Polizei, Feuerwehr und Rettungskräfte standen bereits unmittelbar nach der Explosion im Einsatz. Die Rettung versorgte mit einem Katastrophenzug die Verletzten. "Wir sind unmittelbar nach der Explosion alarmiert worden. Es war zunächst nicht leicht, den eigentlichen Unglücksort herauszufiltern, weil so viele Menschen angerufen haben", erklärte der Sprecher der Feuerwehr. "Als wir am Unglücksort eintrafen, nahmen unsere Einsatzkräfte noch Gasgeruch wahr. Das ist der Grund, warum wir eine Gasexplosion für möglich bis wahrscheinlich halten."

Das nächste Nachbarhaus sei offenbar nicht einsturzgefährdet. Die Explosion dürfte sich zwischen dem zweiten und vierten Stock ereignet haben, hieß es an Ort und Stelle gegenüber der APA. 22 Wohnungen, in denen 42 Personen gemeldet sind, wurden in Mitleidenschaft gezogen.

Auf einem am Unglücksort aufgenommenen Video, das sich über Twitter verbreitete, war ein Augenzeuge zu hören, der "Es riecht immer noch nach Gas" äußerte. Rauchschwaden waren zu sehen, am Boden lagen Glasscherben und Trümmerteile.

Von den Einsatzkräften wurde eine Sperre der Gasleitungen im Umkreis des Unglücksortes veranlasst. "Unser Hauptaugenmerk besteht derzeit darin, möglicherweise noch in dem Haus befindliche Personen zu finden, die sich von selbst aus nicht bemerkbar machen können. Dazu haben wir eine Rettungshundestaffel und eine Schallortungsgruppe im Einsatz", sagte der Feuerwehrsprecher.

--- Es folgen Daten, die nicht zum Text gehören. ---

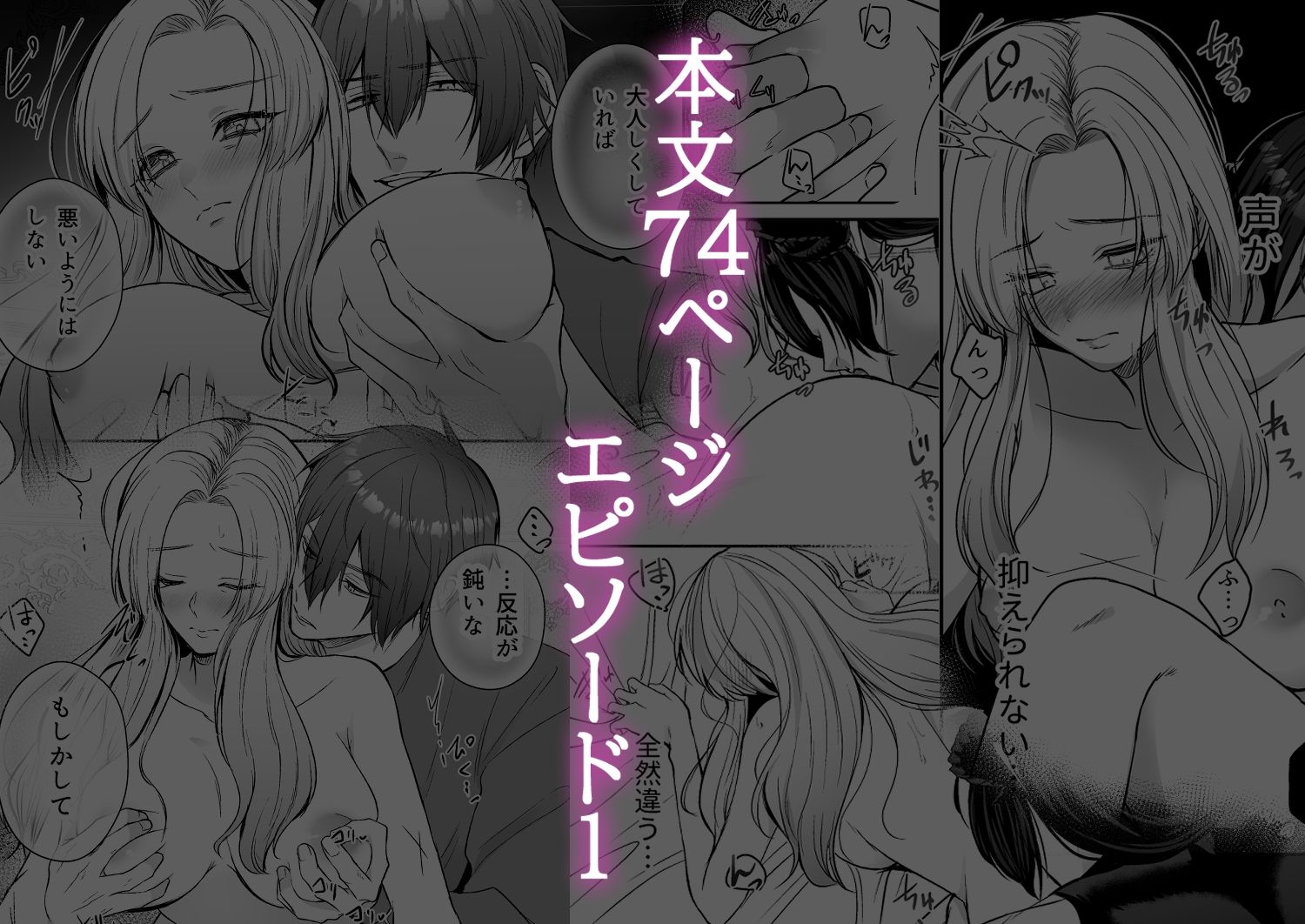 試し読み 8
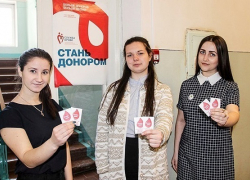23 апреля в Борисоглебске стартует благотворительная акция «Неделя донора»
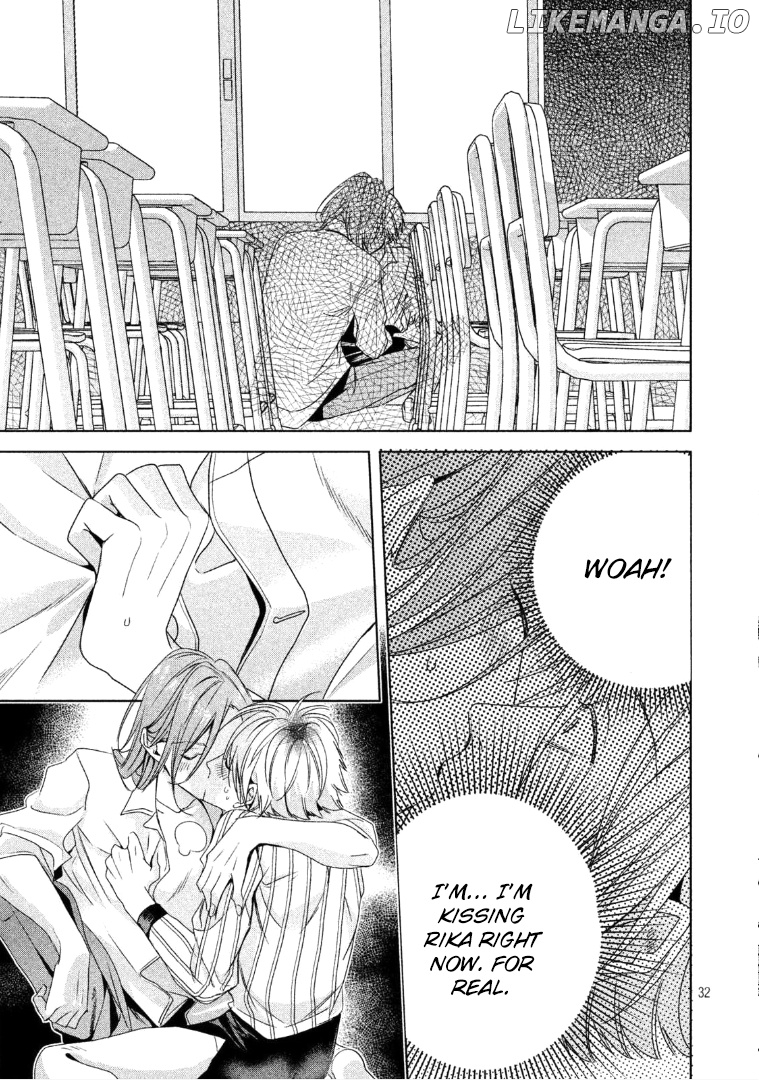 Doushitemo Yaritakute Gakuen chapter 4 - page 33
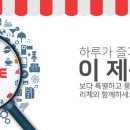 더홈라이프 이미지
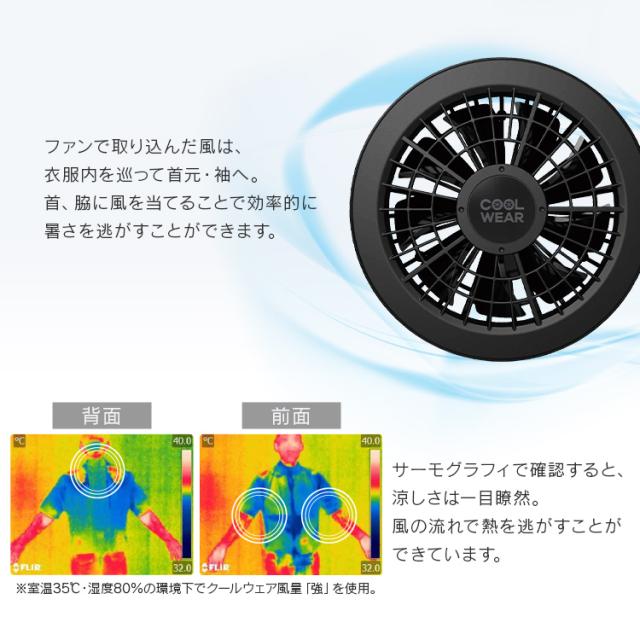 クールウェア 空調ウェア 半袖 バッテリー ファン付き 扇風機付き 夏 フード付き ファン付きウェア 撥水 涼しい 風量3段階 静音 メンズ レディース 現場 アウトドア スポーツ キャンプ 屋外 暑さ対策 作業服 フルセット アイリスオーヤマ CSHS *_4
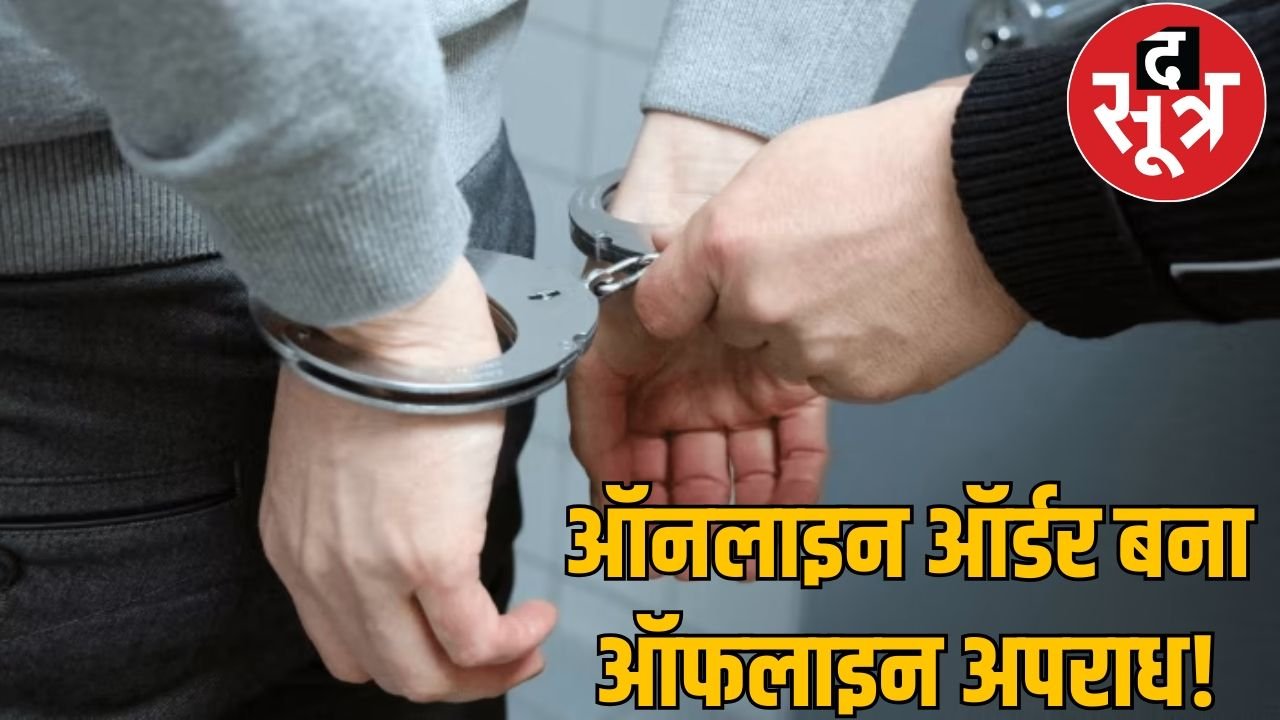 डिलीवरी बॉय से मारपीट और लूट का मामला: पुलिस ने चारों आरोपी दबोचे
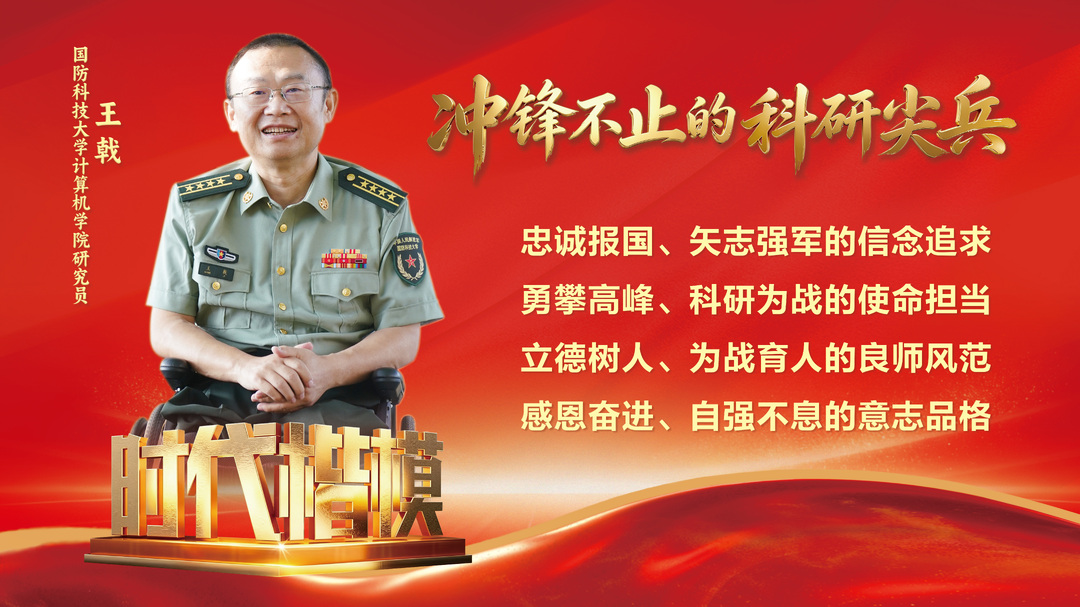 “时代楷模”王戟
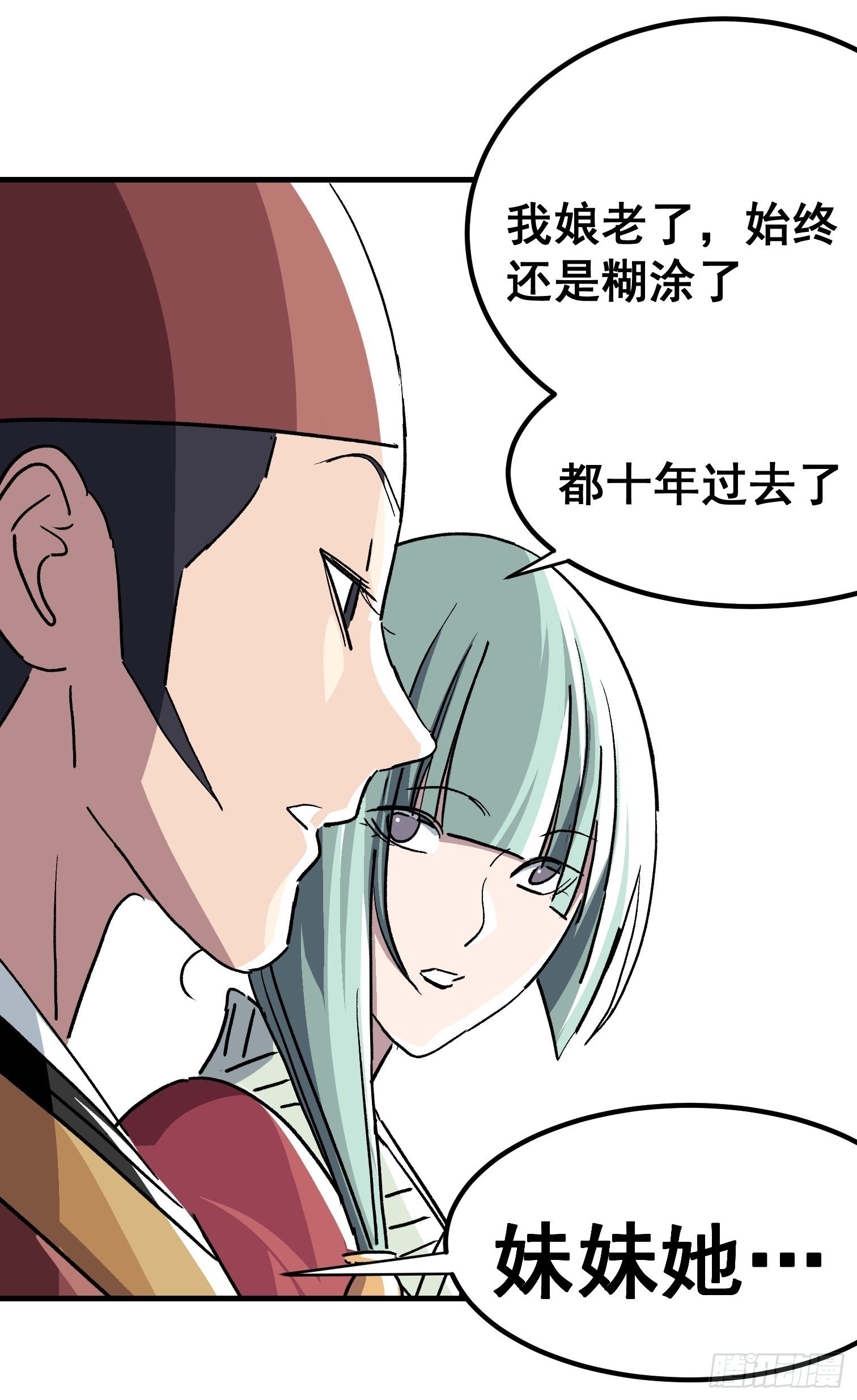 第三十七话-第38话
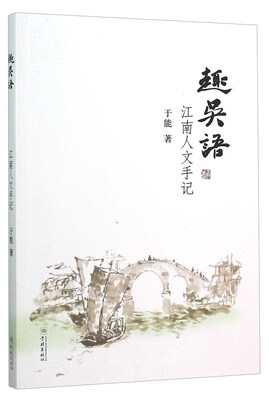 

趣吴语江南人文手记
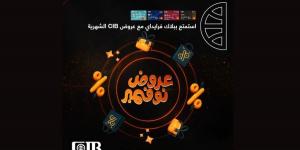 بالبلدي : عروض شهر نوفمبر من البنك التجاري الدولي ـ مصر CIB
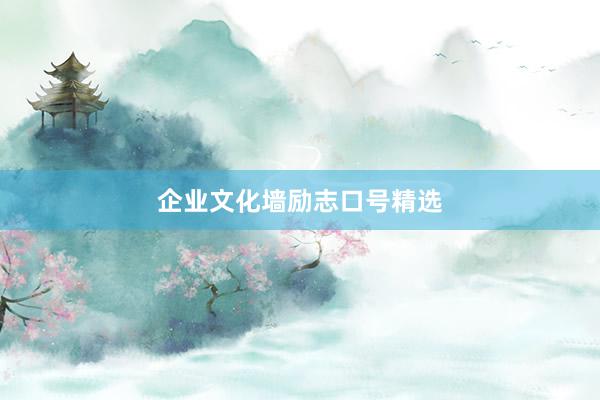 企业文化墙励志口号精选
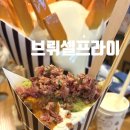 제주 연동감자튀김 맛집 브뤼셀프라이 제주연동점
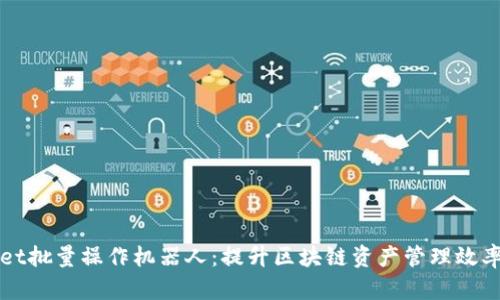 tpWallet批量操作机器人：提升区块链资产管理效率的利器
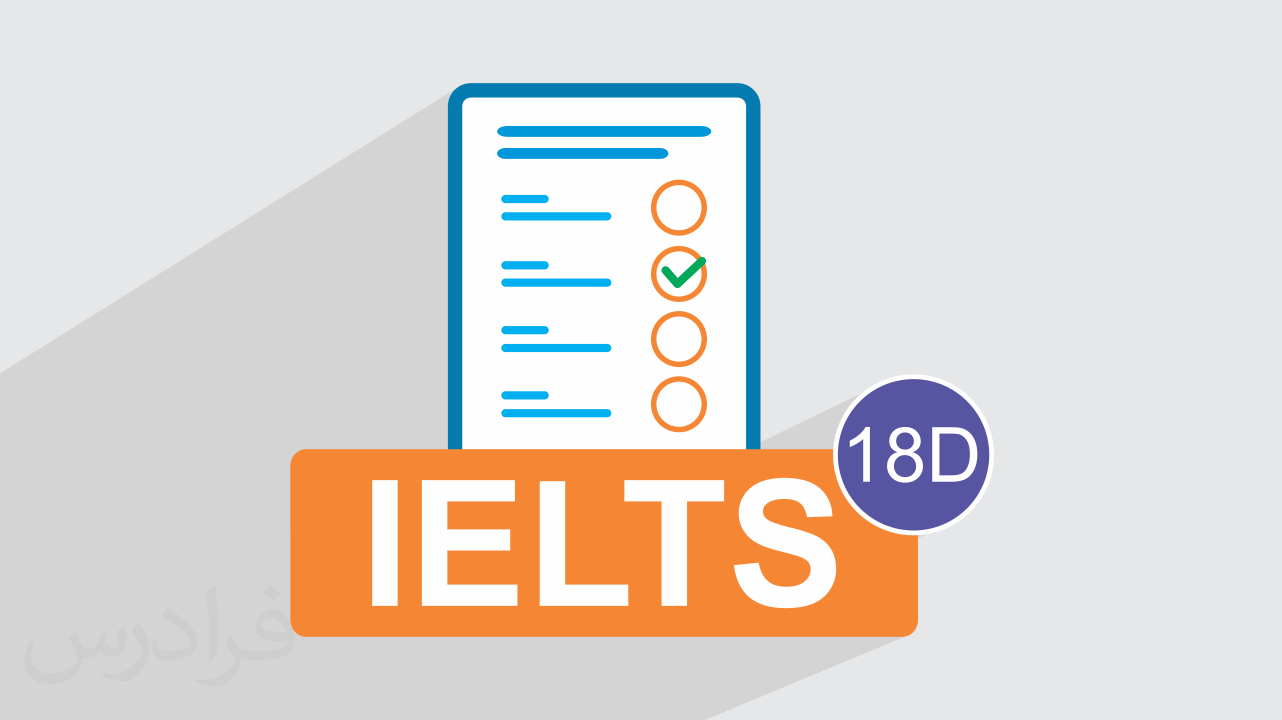 آزمون آزمایشی آیلتس IELTS آکادمیک  رایگان + پاسخ تشریحی – سری 18D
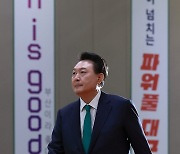 단상 향하는 윤석열 대통령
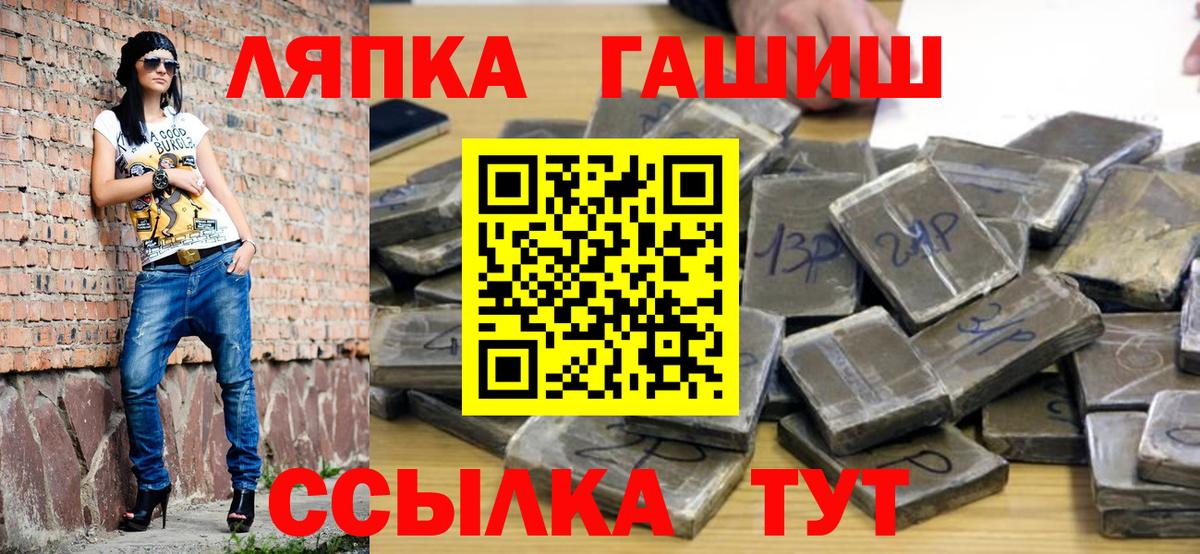 ГАШИШ  Гашиш индика сатива  Вход с VPN  где продают наркотики  Луховицы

Bei einem Lokal in der Margaretenstraße hatte die Polizei einen Treffpunkt für potenzielle Angehörige und sonst Betroffene eingerichtet. Weiterhin blieb die unmittelbare Umgebung beim Explosionsort abgesperrt.

"Die Verletzten haben zum größten Teil Trümmerverletzungen, Schnittverletzungen und Ähnliches erlitten", sagte der Sprecher der Wiener Berufsrettung. Über die genaue Zahl der Betroffenen und den exakten Schweregrad der Blessuren könne man noch nichts sagen.

Mehrere Straßenzüge wurden in Folge des Unglücks gesperrt. Davon betroffen waren die Preßgasse, die Heumühlgasse, die Operngasse ab Karlsplatz und die Margaretenstraße. Die Verbindung zwischen Wiedner Hauptstraße und Wienzeile über die Schleifmühlgasse war demgegenüber befahrbar.